With public support for the death penalty at its lowest point in more than 4
decades, the U.S. is on track for its fewest executions in a quarter century.
So far in 2016, 17 inmates have been executed, according to a database
maintained by the Death Penalty Information Center. 3 additional executions are
scheduled for this year. If all 3 proceed as planned, the year's 20 executions
will be the fewest since 1991, when 14 were recorded. The U.S. has executed at
least 28 people in each year since 1992.
Just 5 states - Alabama, Florida, Georgia, Missouri and Texas - account for the
17 completed and 3 scheduled executions this year. This represents the fewest
states to carry out executions in any year since 1983. In 1999, by comparison,
20 states conducted executions.
1 reason for the national decline in executions has been a decrease in Texas,
which is scheduled to execute 8 inmates this year, a 20-year low. Texas has
long been the nation's leader in executions, carrying out nearly 5 times as
many as any other state since the U.S. Supreme Court reinstated capital
punishment in 1976. During that span, Texas carried out 538 executions,
compared with 112 in Oklahoma and 111 in Virginia.

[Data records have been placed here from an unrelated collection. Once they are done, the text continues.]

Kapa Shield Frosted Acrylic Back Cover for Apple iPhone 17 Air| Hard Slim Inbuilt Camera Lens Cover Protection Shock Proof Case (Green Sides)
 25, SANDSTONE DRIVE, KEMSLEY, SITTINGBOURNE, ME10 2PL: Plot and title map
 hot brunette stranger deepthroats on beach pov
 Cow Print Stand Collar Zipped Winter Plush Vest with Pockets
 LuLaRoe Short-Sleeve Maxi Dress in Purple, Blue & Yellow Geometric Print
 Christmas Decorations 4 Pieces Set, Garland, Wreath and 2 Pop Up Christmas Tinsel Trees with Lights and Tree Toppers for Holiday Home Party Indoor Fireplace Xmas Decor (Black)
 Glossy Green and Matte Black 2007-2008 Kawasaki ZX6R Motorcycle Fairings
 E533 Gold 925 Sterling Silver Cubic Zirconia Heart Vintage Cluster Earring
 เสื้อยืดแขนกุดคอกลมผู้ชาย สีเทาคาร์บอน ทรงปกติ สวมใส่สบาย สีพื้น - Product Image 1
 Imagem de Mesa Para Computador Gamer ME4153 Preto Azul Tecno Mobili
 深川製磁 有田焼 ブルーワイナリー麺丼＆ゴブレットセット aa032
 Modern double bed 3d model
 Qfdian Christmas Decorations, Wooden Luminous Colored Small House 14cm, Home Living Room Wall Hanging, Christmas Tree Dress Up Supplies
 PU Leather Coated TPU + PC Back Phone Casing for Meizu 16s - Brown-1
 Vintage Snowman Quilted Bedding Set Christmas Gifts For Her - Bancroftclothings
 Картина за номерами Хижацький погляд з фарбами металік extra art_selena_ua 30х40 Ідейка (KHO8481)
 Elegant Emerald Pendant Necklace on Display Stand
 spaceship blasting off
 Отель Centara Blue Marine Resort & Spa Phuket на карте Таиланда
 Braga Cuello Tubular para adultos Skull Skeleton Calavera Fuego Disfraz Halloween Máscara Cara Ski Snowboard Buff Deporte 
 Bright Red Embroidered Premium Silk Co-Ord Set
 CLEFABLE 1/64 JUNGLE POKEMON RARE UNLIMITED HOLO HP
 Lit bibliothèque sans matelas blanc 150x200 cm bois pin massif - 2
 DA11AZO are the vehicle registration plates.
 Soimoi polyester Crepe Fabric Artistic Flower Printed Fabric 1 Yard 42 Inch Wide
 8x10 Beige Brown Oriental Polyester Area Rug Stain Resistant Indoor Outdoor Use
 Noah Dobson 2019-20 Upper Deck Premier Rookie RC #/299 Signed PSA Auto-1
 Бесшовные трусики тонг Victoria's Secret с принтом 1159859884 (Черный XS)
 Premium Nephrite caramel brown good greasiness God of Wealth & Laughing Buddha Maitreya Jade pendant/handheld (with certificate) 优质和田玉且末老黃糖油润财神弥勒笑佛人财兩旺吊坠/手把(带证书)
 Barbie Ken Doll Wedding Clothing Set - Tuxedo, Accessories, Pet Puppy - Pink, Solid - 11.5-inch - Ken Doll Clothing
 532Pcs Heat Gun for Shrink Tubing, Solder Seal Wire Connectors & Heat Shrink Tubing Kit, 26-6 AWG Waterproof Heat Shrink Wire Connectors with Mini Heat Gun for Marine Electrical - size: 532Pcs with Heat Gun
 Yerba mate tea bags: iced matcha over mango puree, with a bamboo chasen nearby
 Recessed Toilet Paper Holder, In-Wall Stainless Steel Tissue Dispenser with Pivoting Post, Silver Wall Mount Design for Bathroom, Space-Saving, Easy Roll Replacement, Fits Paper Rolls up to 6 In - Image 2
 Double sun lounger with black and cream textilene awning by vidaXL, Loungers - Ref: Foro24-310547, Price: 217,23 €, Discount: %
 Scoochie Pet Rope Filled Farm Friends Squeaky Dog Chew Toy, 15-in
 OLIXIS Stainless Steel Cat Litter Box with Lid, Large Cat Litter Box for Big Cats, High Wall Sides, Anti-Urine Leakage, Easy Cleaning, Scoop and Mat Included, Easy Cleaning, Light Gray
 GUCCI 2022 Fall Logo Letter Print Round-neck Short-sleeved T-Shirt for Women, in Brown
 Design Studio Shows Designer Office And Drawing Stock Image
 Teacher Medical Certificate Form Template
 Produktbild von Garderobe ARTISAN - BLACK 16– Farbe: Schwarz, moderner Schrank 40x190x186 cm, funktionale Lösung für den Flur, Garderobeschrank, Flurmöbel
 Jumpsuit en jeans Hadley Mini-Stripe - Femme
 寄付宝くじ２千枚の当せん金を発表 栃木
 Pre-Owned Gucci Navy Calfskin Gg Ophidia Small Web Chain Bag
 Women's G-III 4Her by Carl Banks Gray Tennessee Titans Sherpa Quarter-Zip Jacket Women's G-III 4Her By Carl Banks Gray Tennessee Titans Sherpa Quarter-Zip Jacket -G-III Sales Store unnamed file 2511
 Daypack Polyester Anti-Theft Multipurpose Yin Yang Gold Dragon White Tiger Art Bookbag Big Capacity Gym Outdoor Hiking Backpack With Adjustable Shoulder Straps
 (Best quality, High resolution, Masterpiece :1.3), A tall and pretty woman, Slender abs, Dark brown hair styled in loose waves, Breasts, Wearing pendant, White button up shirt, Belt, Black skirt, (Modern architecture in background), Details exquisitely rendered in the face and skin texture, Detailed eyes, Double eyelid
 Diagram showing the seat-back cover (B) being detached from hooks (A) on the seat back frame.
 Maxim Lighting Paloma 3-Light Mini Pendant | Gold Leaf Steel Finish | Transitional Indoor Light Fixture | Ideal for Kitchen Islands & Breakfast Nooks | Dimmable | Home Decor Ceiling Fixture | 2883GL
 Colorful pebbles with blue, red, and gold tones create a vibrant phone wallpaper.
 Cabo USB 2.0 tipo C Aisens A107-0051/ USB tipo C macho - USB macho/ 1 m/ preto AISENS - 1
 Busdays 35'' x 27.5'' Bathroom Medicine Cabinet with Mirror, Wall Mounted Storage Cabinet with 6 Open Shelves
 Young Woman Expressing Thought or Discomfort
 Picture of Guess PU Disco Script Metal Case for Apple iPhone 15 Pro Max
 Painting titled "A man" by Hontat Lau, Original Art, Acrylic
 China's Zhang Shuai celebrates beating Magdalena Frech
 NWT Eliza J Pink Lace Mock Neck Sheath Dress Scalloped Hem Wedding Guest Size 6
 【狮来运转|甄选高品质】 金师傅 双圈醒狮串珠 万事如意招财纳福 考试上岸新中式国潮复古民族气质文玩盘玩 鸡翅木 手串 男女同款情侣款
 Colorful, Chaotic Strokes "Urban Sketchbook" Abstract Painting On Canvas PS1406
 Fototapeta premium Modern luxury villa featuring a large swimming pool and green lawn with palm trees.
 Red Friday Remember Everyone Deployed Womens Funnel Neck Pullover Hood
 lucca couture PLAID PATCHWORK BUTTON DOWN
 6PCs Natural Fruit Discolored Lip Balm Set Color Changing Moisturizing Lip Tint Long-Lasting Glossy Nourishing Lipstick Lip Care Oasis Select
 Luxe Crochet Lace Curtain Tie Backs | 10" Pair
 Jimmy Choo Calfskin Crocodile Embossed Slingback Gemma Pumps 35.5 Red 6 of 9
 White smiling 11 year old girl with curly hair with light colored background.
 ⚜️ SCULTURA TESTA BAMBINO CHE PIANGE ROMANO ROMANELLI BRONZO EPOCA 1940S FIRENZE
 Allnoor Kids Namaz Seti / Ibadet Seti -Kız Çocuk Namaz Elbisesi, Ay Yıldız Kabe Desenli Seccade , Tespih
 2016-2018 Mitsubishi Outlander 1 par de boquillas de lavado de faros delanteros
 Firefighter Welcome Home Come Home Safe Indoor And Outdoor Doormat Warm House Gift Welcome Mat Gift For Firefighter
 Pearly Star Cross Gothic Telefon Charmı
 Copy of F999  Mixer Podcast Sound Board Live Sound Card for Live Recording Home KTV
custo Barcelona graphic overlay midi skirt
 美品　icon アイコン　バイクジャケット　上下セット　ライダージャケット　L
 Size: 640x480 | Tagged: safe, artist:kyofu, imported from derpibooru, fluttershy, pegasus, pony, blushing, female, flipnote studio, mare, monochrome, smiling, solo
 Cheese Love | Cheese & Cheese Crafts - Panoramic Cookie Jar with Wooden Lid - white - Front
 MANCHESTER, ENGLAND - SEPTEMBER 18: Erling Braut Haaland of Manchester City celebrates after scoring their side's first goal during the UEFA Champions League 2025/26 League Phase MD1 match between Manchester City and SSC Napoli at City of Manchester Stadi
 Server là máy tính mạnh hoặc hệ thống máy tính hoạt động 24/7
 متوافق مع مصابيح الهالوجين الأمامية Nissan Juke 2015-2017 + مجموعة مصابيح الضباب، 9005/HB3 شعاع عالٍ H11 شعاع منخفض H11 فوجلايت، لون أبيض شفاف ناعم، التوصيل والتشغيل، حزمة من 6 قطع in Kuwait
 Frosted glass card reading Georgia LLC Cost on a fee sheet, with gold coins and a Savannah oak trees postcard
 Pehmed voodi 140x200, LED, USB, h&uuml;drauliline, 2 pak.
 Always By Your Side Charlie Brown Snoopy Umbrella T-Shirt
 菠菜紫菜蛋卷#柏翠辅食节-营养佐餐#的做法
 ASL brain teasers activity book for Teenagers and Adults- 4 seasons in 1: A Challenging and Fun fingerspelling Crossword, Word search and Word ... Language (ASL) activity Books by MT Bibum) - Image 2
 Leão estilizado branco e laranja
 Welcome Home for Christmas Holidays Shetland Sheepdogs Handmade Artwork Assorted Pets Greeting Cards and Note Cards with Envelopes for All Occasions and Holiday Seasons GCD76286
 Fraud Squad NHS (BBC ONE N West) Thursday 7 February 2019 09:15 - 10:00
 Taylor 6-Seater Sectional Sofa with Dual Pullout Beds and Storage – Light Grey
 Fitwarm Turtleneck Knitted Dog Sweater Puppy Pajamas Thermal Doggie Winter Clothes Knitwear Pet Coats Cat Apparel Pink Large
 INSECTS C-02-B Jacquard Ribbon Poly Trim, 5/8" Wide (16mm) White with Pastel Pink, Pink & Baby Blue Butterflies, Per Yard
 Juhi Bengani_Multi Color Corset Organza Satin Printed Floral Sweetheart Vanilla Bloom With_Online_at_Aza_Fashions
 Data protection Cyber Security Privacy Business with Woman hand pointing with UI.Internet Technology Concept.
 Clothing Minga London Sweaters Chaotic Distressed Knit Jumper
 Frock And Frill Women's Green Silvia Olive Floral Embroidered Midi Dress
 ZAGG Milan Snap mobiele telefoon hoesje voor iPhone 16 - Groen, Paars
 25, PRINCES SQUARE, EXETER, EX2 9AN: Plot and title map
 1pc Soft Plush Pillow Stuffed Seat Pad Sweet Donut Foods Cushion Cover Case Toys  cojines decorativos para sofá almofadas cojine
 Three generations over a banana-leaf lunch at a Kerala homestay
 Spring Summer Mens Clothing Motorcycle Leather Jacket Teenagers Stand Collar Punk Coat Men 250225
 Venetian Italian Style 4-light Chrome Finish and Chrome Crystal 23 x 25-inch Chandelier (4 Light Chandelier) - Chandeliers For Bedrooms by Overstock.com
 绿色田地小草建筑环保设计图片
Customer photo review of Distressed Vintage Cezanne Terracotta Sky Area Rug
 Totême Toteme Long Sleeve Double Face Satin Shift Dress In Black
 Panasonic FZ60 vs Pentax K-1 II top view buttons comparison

Legal and practical challenges have prevented some states from carrying out
executions this year. Ohio, for example, has not executed anyone since 2014
amid difficulties acquiring the drugs needed to conduct lethal injections. The
state announced this month that it will resume executions next year, using a
new protocol.
The number of states with the death penalty on the books - currently 30 - also
could decline this year. Voters in California and Nebraska will decide Nov. 8
whether to eliminate or retain their capital punishment laws.
In California, which has the nation's largest death row, Proposition 62 would
eliminate the death penalty and replace it with a maximum penalty of life
imprisonment without parole. The measure would apply retroactively and, if
approved, resentence the more than 700 people on death row to life without
parole. A competing measure, Proposition 66, would retain capital punishment
but change legal procedures related to death penalty appeals. (If both measures
pass, the one with more "yes" votes will prevail.)
In Nebraska, voters will revisit a May 2015 decision by the state Legislature
to abolish capital punishment and replace it with a maximum penalty of life
without parole for the crime of murder. Referendum 426 asks whether to retain
or repeal the state law that eliminated the death penalty.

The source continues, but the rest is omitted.